● **EXERCISE BRIEF**: If a line in the material below has the word "with", copy it.

◇ ◇ ◇ ◇ ◇ ◇ ◇

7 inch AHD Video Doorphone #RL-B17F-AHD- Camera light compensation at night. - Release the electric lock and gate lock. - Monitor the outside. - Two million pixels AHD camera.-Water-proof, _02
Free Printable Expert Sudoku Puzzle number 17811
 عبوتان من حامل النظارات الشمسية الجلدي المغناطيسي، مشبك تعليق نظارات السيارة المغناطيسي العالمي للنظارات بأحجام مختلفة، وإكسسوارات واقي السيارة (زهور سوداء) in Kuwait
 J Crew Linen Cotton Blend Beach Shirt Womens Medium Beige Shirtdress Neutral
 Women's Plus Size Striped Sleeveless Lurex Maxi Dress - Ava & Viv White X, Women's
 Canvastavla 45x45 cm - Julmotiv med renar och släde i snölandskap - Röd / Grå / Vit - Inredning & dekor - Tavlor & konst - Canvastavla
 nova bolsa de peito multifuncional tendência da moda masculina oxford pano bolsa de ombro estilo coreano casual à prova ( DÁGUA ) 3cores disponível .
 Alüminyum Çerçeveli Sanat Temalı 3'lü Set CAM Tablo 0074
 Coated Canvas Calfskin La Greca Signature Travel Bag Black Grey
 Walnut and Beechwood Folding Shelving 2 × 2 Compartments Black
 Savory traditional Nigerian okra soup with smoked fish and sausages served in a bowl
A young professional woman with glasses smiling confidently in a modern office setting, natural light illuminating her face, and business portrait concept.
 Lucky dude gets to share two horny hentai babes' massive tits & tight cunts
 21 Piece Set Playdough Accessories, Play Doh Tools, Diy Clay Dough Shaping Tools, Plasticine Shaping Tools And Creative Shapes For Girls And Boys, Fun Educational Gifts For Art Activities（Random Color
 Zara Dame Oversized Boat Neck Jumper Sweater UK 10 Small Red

◇ ◇ ◇ ◇ ◇ ◇ ◇

● **ANSWER AREA**:
 Savory traditional Nigerian okra soup with smoked fish and sausages served in a bowl
A young professional woman with glasses smiling confidently in a modern office setting, natural light illuminating her face, and business portrait concept.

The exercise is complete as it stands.